▶ **Work request**
Using the data below, print exactly the line with "3rd image of 322 Peters St SW Unit 6", the line with "Premium Apartment by", and every line between them, but none of the pictures.

▶ **Record set**
====
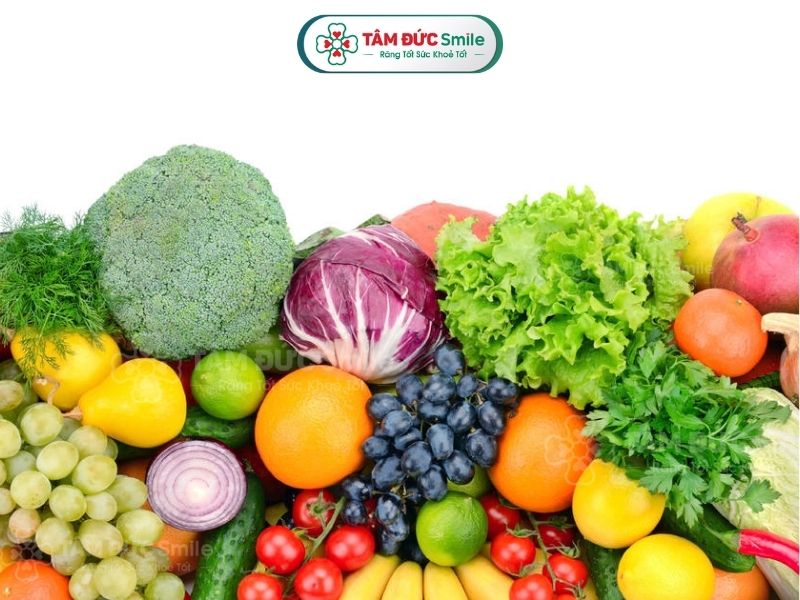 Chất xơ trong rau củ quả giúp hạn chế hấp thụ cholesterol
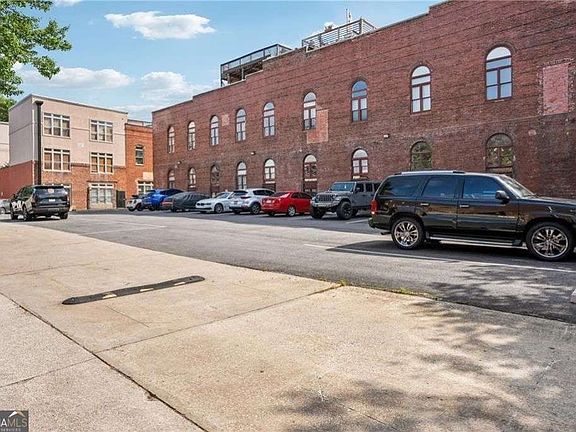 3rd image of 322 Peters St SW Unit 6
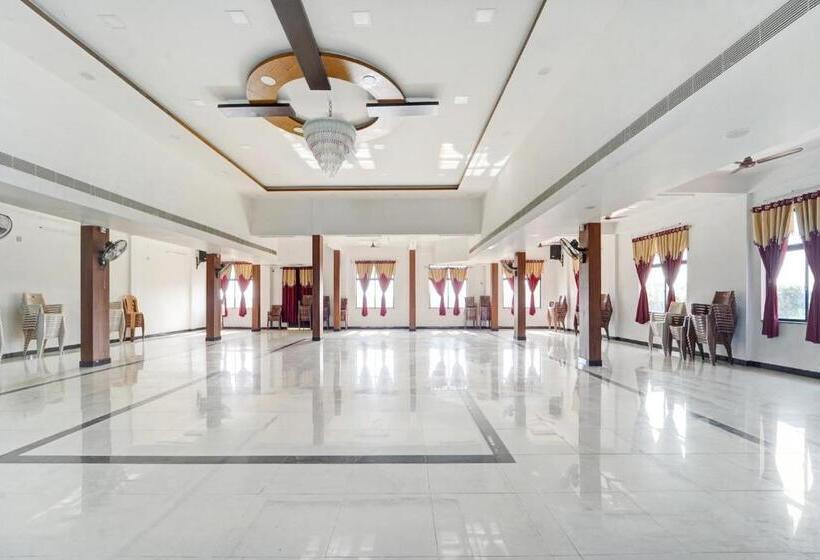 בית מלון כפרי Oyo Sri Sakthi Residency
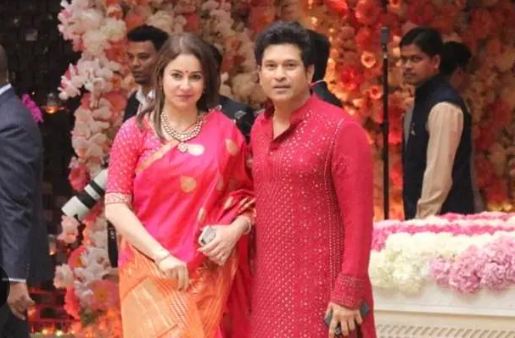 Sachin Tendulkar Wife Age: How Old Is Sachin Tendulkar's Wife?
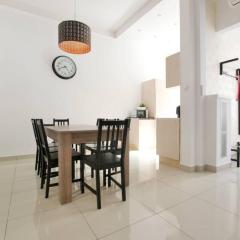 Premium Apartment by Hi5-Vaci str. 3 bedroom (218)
====
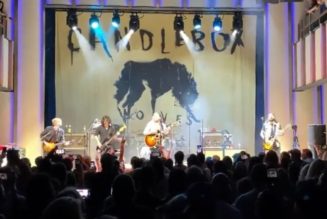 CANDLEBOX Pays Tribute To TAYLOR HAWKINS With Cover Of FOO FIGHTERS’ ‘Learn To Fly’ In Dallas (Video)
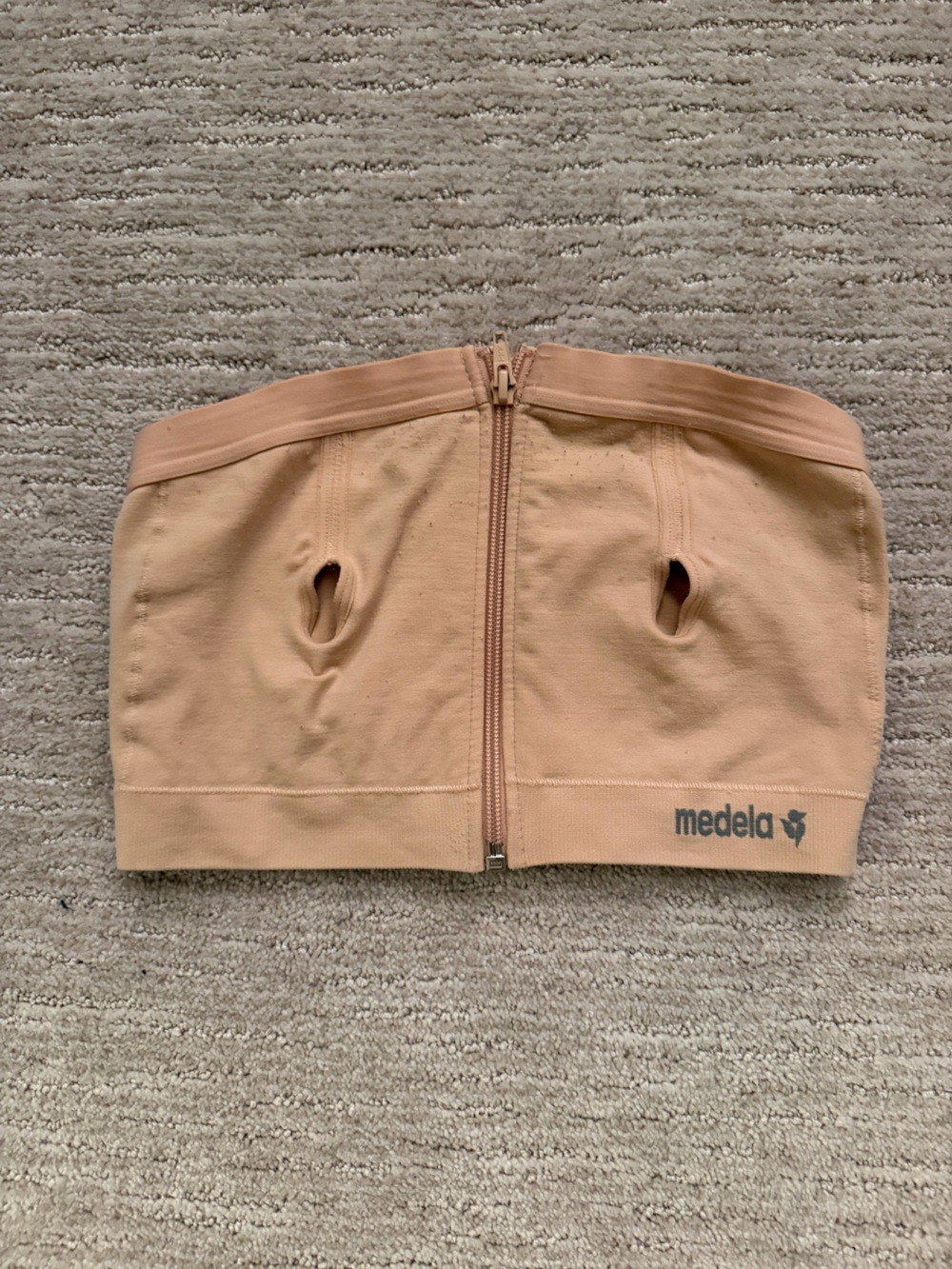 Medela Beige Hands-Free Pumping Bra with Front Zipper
====
▶ **Reply**
 3rd image of 322 Peters St SW Unit 6
 בית מלון כפרי Oyo Sri Sakthi Residency
 Sachin Tendulkar Wife Age: How Old Is Sachin Tendulkar's Wife?
 Premium Apartment by Hi5-Vaci str. 3 bedroom (218)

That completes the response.